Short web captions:

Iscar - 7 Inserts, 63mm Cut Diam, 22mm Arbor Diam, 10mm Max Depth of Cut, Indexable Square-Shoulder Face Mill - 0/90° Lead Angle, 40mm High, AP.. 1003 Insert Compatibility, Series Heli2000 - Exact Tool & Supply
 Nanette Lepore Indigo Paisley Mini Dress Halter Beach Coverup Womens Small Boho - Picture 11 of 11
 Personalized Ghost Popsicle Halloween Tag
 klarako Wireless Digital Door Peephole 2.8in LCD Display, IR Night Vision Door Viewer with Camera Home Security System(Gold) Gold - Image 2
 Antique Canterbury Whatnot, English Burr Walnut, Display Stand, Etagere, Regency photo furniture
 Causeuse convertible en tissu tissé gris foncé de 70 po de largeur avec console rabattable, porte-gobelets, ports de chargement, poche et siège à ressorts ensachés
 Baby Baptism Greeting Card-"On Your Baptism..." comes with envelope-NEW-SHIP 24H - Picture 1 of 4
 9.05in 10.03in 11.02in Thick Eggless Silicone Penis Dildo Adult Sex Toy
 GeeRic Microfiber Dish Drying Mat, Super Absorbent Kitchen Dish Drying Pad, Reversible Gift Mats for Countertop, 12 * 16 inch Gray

• _Exercise_: Write out exactly the lines from the line holding "Causeuse convertible en" through the last line of the data, and nothing besides those lines.

• _Answer space_:
 Causeuse convertible en tissu tissé gris foncé de 70 po de largeur avec console rabattable, porte-gobelets, ports de chargement, poche et siège à ressorts ensachés
 Baby Baptism Greeting Card-"On Your Baptism..." comes with envelope-NEW-SHIP 24H - Picture 1 of 4
 9.05in 10.03in 11.02in Thick Eggless Silicone Penis Dildo Adult Sex Toy
 GeeRic Microfiber Dish Drying Mat, Super Absorbent Kitchen Dish Drying Pad, Reversible Gift Mats for Countertop, 12 * 16 inch Gray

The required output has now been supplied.